> [ACTIVITY] Go through the listing below and write out exactly the lines from the one that mentions "Land Rover Range" through the one that mentions "Lancôme La Vie", minus the pictures.

......

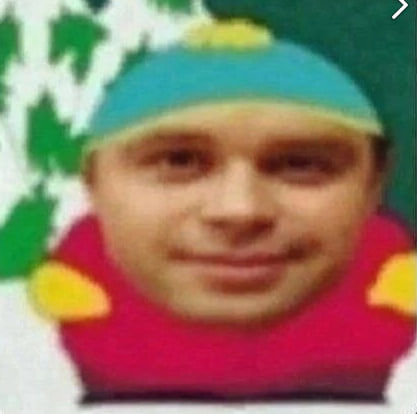 N's Lens avatar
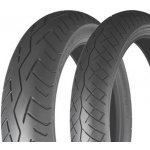 Bridgestone BT46 100/90 R18 56H – Sleviste.cz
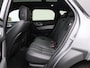 Land Rover Range Rover Velar 2.0 P400e Edition | Automaat | Meridian Audio | Camera | Lederen Bekleding | Stoelverwarming | Navigatie |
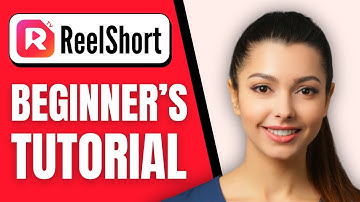 How to Use ReelShort App | How Does ReelShort App Work (2025)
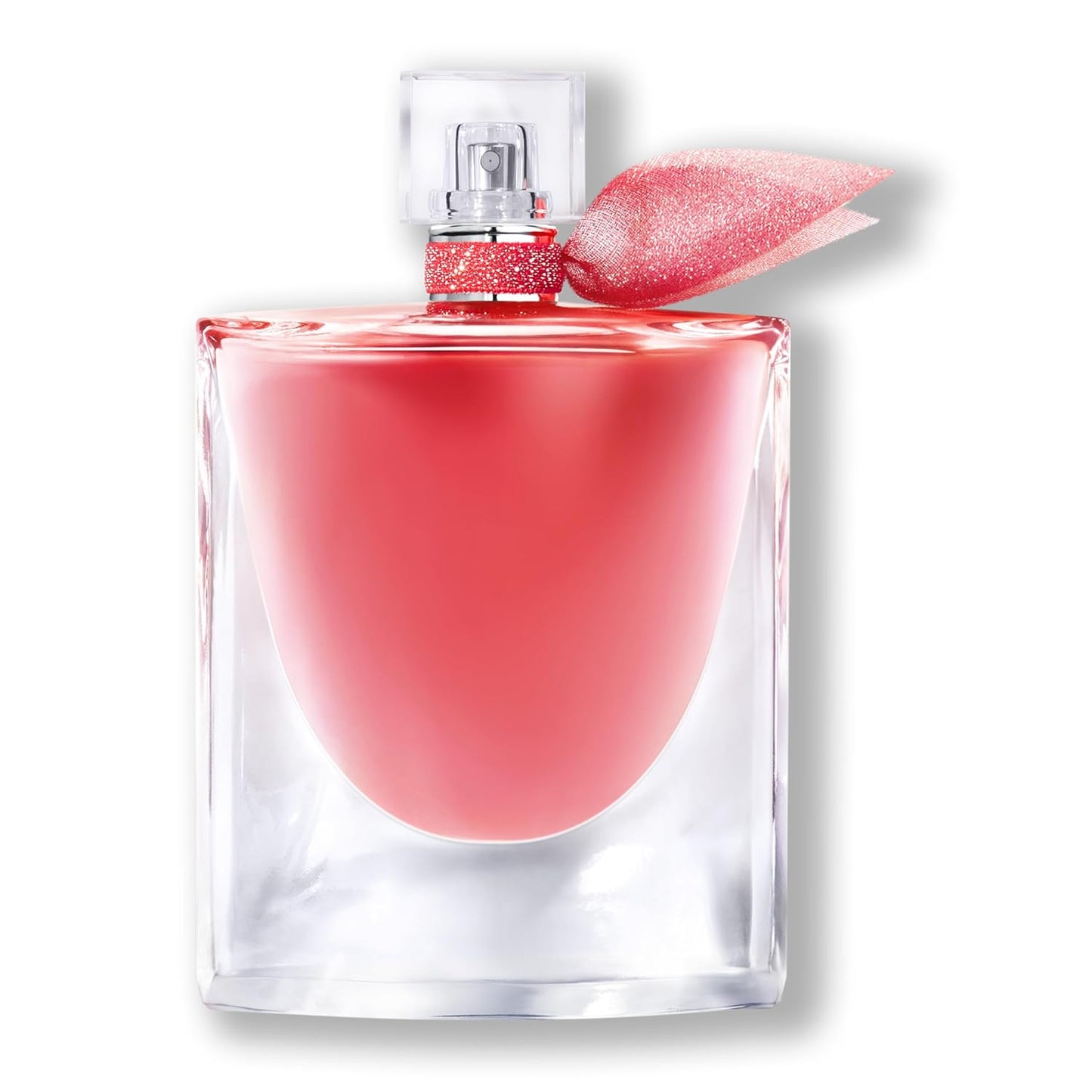 Lancôme La Vie Est Belle Intensément Eau de Parfum  Spray for Women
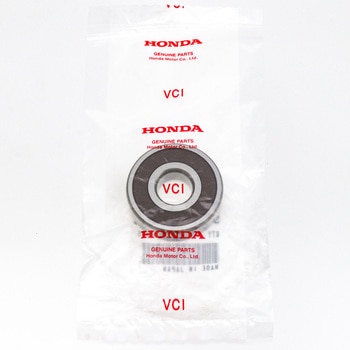 96150-63020-10 (96150)�x�A�����O �z���_ 26216453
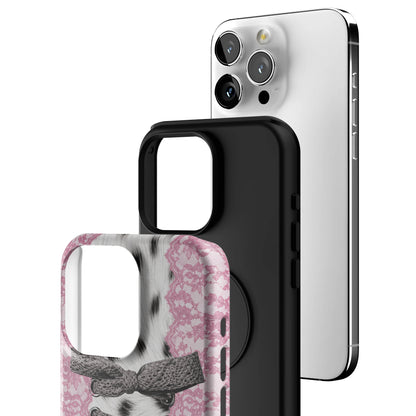 Iphone_15_Pro_Max_3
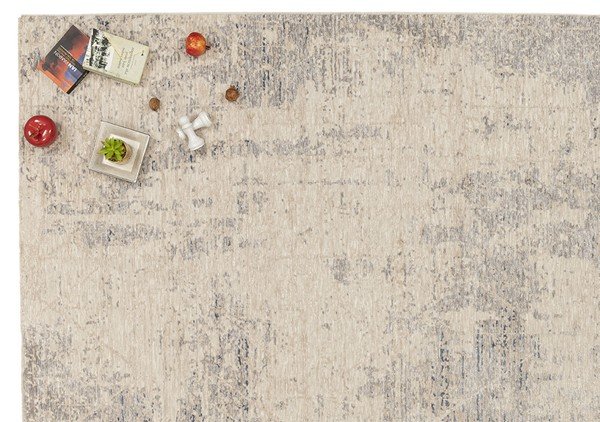 ΧΑΛΙ BOMONTI 3490 - SET067(2x150,1x210) NewPlan - Image 5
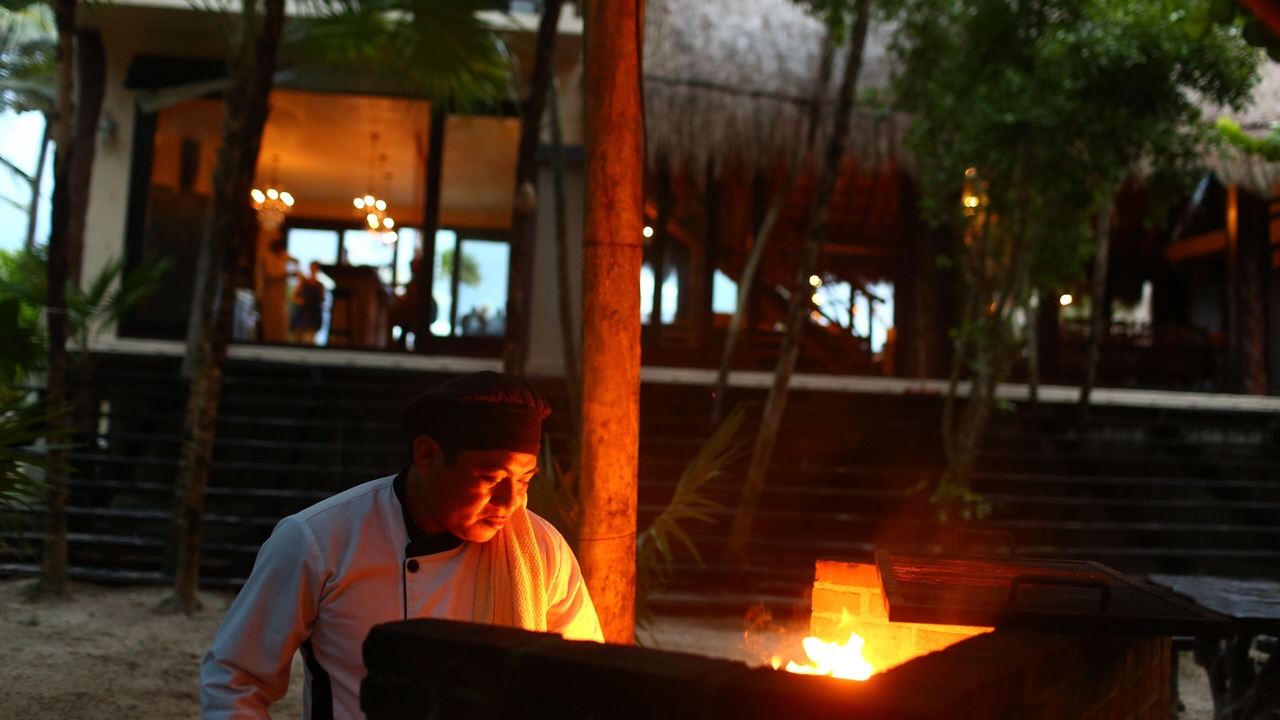 Photo of Others in Zona Hotelera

......

> [OUTPUT FOR THIS EXERCISE]
 Land Rover Range Rover Velar 2.0 P400e Edition | Automaat | Meridian Audio | Camera | Lederen Bekleding | Stoelverwarming | Navigatie |
 How to Use ReelShort App | How Does ReelShort App Work (2025)
 Lancôme La Vie Est Belle Intensément Eau de Parfum  Spray for Women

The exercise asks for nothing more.